→ **PROBLEM REQUIREMENTS**
Reproduce exactly, from the data that follows, the line with "Streptopus streptopoides", the line with "Mesa coordinacion interinstitucional", and every line that lies between them.

RECORDS FOR PROCESSING section start

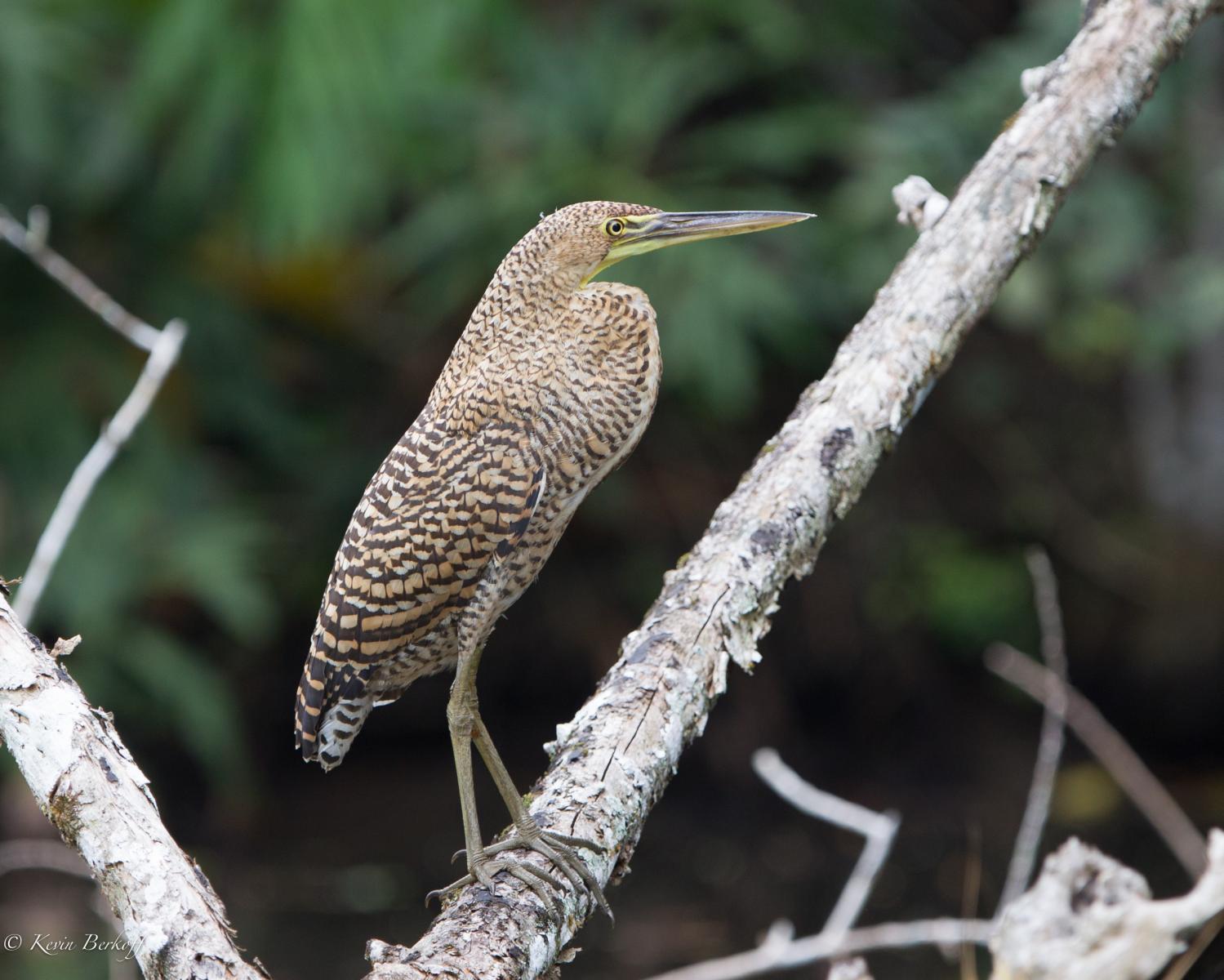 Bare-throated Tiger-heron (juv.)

RECORDS FOR PROCESSING section end
RECORDS FOR PROCESSING section start

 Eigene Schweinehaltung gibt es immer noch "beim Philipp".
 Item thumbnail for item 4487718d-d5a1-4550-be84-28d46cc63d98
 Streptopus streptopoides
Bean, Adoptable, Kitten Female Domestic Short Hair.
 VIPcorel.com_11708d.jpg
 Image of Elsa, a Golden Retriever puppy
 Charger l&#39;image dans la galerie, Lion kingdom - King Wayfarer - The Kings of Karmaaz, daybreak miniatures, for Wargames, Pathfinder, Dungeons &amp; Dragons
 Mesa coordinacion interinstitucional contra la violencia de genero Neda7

RECORDS FOR PROCESSING section end

→ **WRITTEN RESPONSE**
 Streptopus streptopoides
Bean, Adoptable, Kitten Female Domestic Short Hair.
 VIPcorel.com_11708d.jpg
 Image of Elsa, a Golden Retriever puppy
 Charger l&#39;image dans la galerie, Lion kingdom - King Wayfarer - The Kings of Karmaaz, daybreak miniatures, for Wargames, Pathfinder, Dungeons &amp; Dragons
 Mesa coordinacion interinstitucional contra la violencia de genero Neda7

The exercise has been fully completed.